Day two starts with the aforementioned coronary thrombosis and a short drive to the airport, having bumped into a previous tour manager who is out here working with Devin Townsend. On arrival we realise that we have lost a piece of luggage but luckily the concierge at the hotel rectifies this mistake by sending a van
back to drop it off before we all start having kittens.
The flight is not that long though very turbulent, so any mistakes I might make writing this down can be blamed on the fact that I couldn't hit all the right keys on my iPad as we were bouncing about like balloons in the stratosphere.
The first thing noticeable on arrival in beautiful Guatemala is the intense heat. And the traffic. And the intense heat again. Still, it's a pleasant journey through a colourful city before arrival at the adopted venue. I say 'adopted' as it used to be a Freemason's Lodge and all the equipment and rigging is drafted in. Backstage is a tarpaulin marquee in the far corner and portable fans provide the last vestige of breathable air. Still, I'm not one to moan, I can live with no earth in the electrics, running water in the Gents toilets, and the random people standing around smoking. And I wouldn't dream about moaning about the rickety stairs to the stage, the bowed lighting rig and the lopsided backdrop hanging, the place reeks of atmosphere just like our Portuguese gigs of yore.
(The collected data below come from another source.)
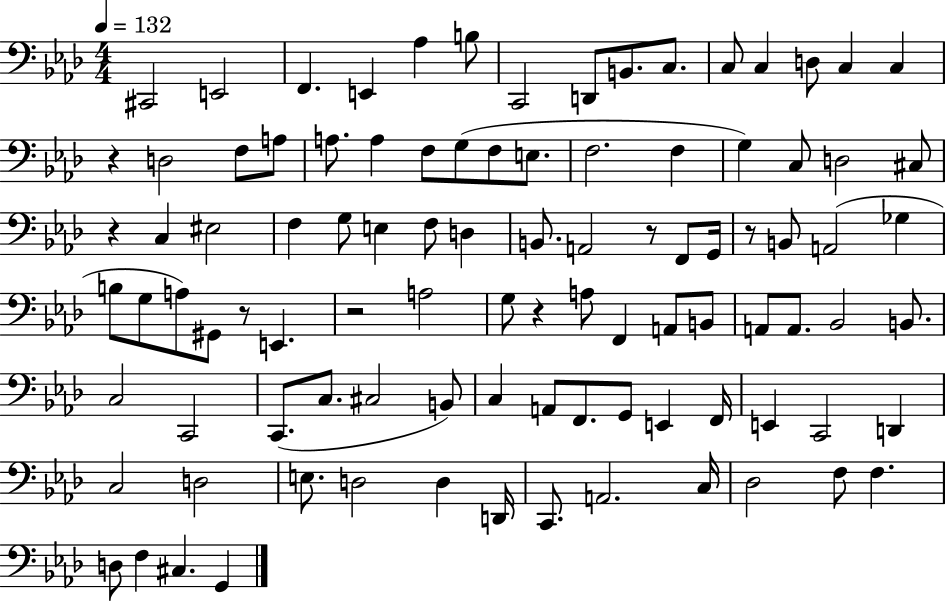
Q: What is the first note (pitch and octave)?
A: C#2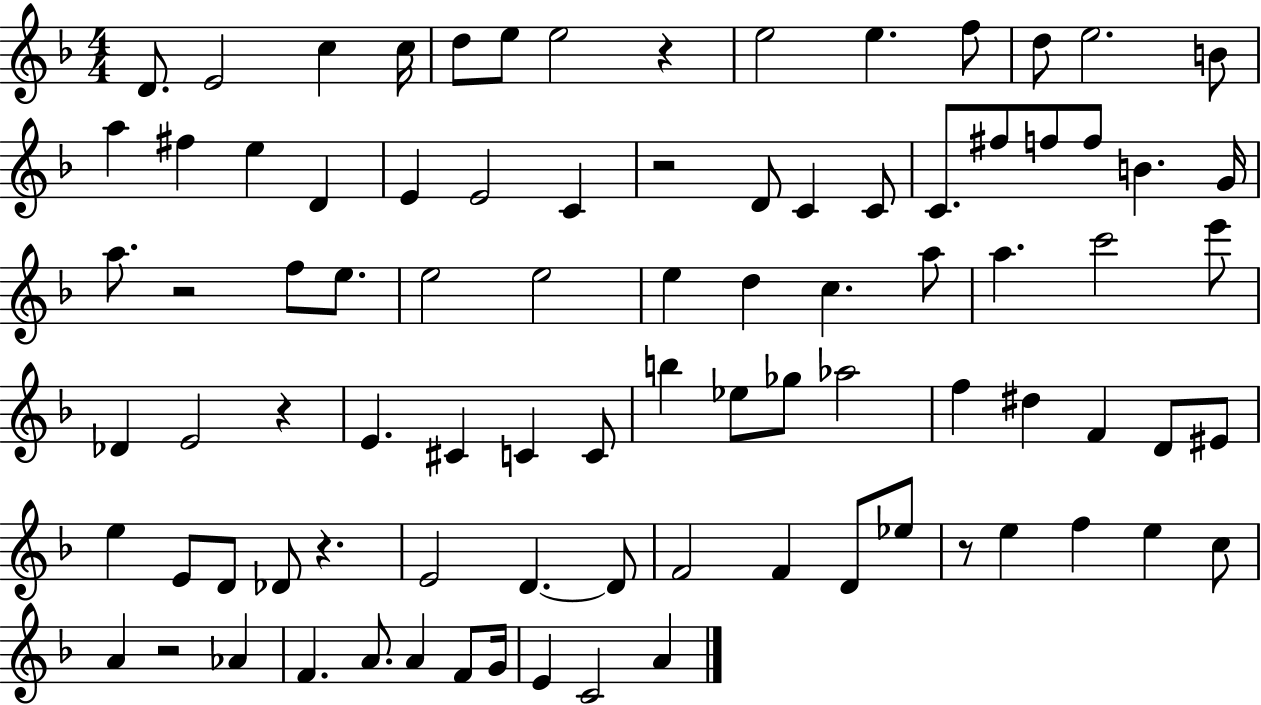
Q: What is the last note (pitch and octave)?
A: A4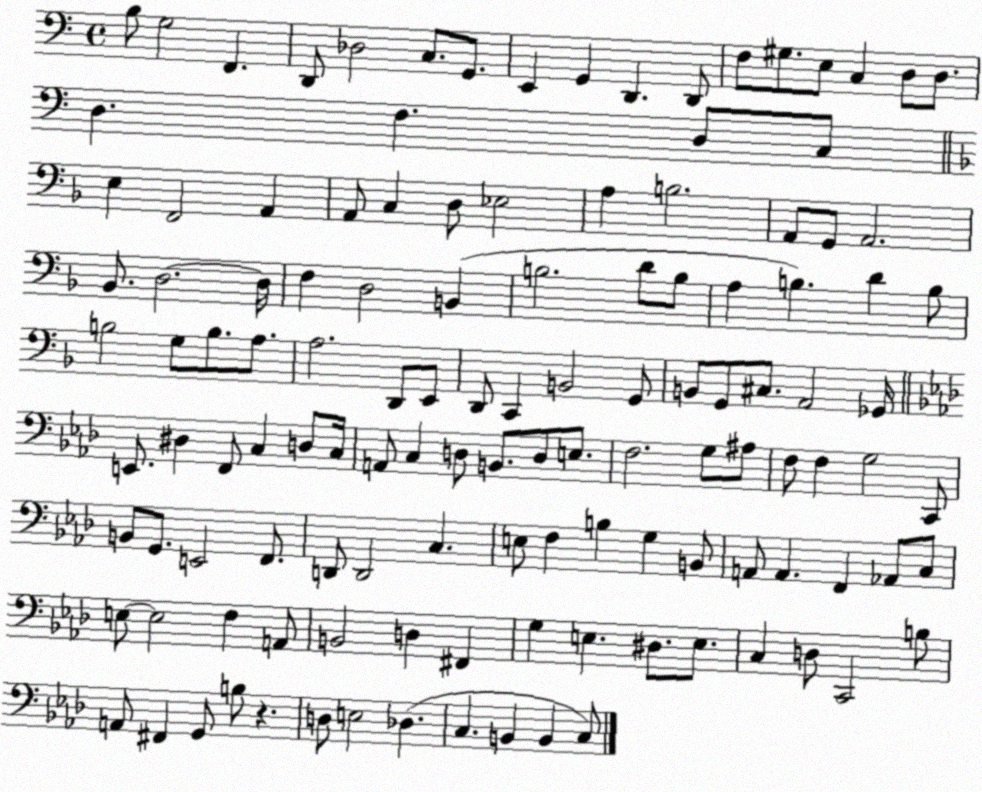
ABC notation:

X:1
T:Untitled
M:4/4
L:1/4
K:C
B,/2 G,2 F,, D,,/2 _D,2 C,/2 G,,/2 E,, G,, D,, D,,/2 F,/2 ^G,/2 E,/2 C, D,/2 D,/2 D, F, D,/2 C,/2 E, F,,2 A,, A,,/2 C, D,/2 _E,2 A, B,2 A,,/2 G,,/2 A,,2 _B,,/2 D,2 D,/4 F, D,2 B,, B,2 D/2 B,/2 A, B, D B,/2 B,2 G,/2 B,/2 A,/2 A,2 D,,/2 E,,/2 D,,/2 C,, B,,2 G,,/2 B,,/2 G,,/2 ^C,/2 A,,2 _G,,/4 E,,/2 ^D, F,,/2 C, D,/2 C,/4 A,,/2 C, D,/2 B,,/2 D,/2 E,/2 F,2 G,/2 ^A,/2 F,/2 F, G,2 C,,/2 B,,/2 G,,/2 E,,2 F,,/2 D,,/2 D,,2 C, E,/2 F, B, G, B,,/2 A,,/2 A,, F,, _A,,/2 C,/2 E,/2 E,2 F, A,,/2 B,,2 D, ^F,, G, E, ^D,/2 E,/2 C, D,/2 C,,2 B,/2 A,,/2 ^F,, G,,/2 B,/2 z D,/2 E,2 _D, C, B,, B,, C,/2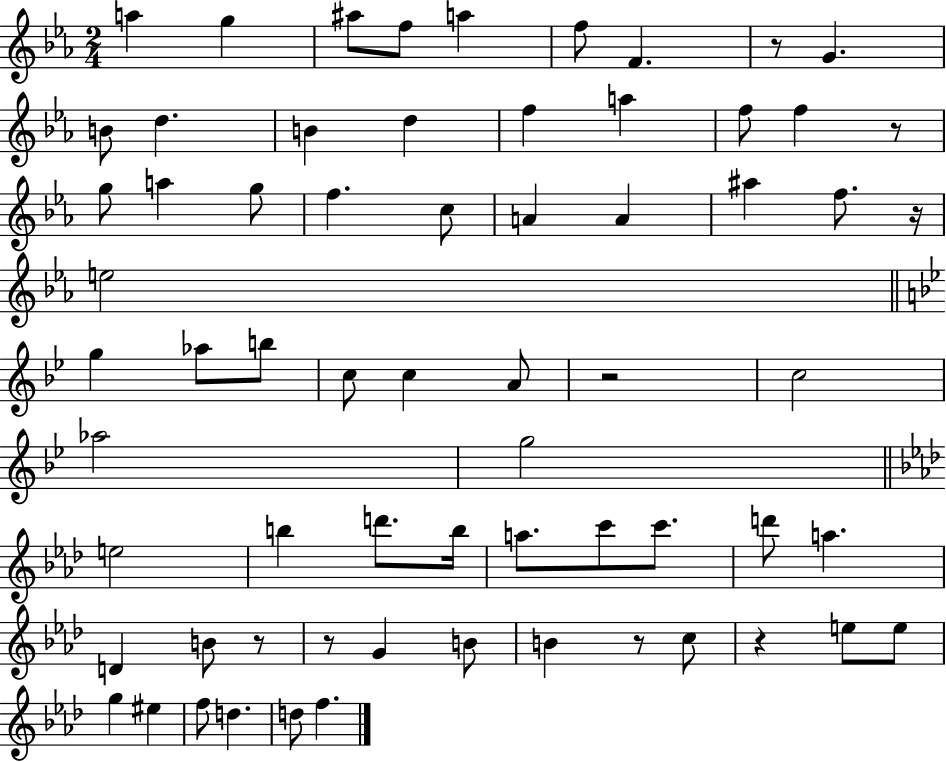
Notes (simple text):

A5/q G5/q A#5/e F5/e A5/q F5/e F4/q. R/e G4/q. B4/e D5/q. B4/q D5/q F5/q A5/q F5/e F5/q R/e G5/e A5/q G5/e F5/q. C5/e A4/q A4/q A#5/q F5/e. R/s E5/h G5/q Ab5/e B5/e C5/e C5/q A4/e R/h C5/h Ab5/h G5/h E5/h B5/q D6/e. B5/s A5/e. C6/e C6/e. D6/e A5/q. D4/q B4/e R/e R/e G4/q B4/e B4/q R/e C5/e R/q E5/e E5/e G5/q EIS5/q F5/e D5/q. D5/e F5/q.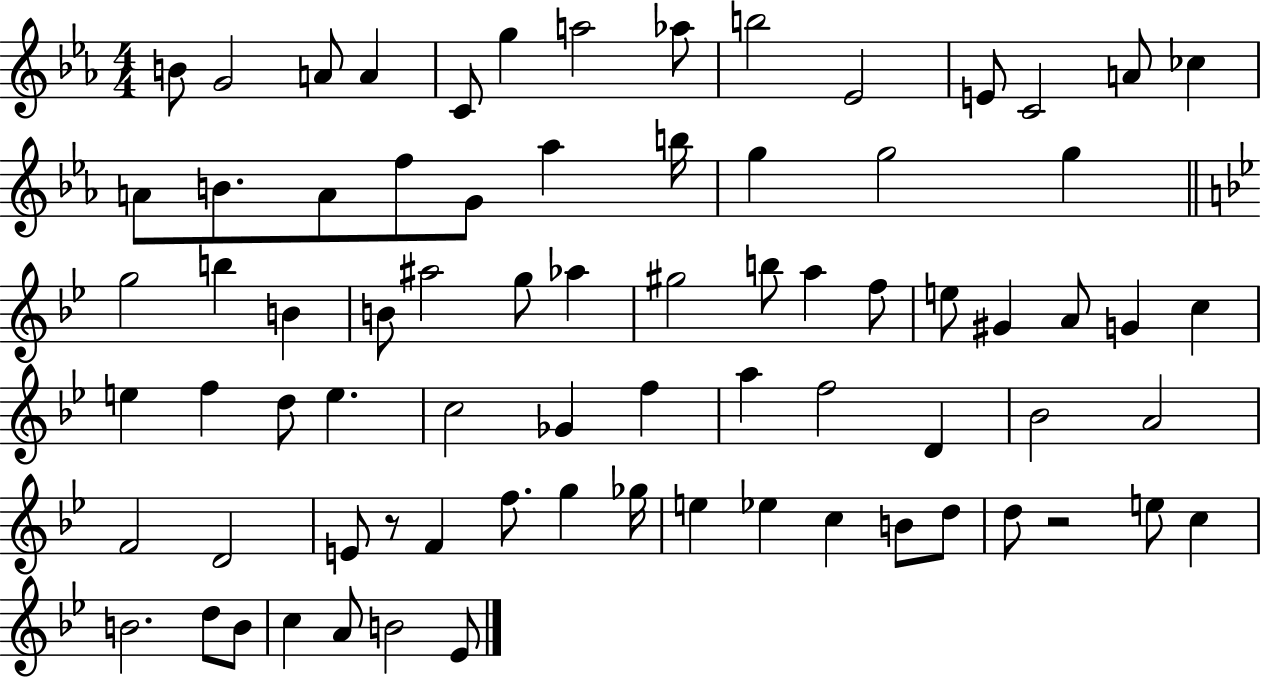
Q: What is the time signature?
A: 4/4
After a sound check that didn't arrive until around 5, we piled back to the hotel for a few hours to chill and get made up in the sanctity of our rooms, with the doors thrown wide to the balconies and the cooling dusk air. A few hours shoots by and dinner is forsaken in the bid to return to the venue in plenty of time for the show, which is now fully underway despite the 200-odd people clamouring in the street outside, and making our entrance to the building somewhat rabid and jostled.
The show is awesome and the crowd, although a mere 700 strong are manic,
fitfully bursting into song and mosh pits to every song. The sound was pretty good too, but the altitude and the heat conspired to make the encore unbreathable and there we a few times that I teetered on the verge of passing out during 'Cruelty...' And 'Her Ghost', though fortunately I managed to keep from falling into the crowd. Still, a brilliant show, full of pure South American grit and spirit.
Eventually, having signed a whole slew of autographs and graced dozens of photographs, we aim for the comfort of the hotel again, braving the hordes of fans that flank the transits to return to the hotel to shower and snatch a few hours much-needed sleep before the horror of the 4.45 lobby call. Ugh!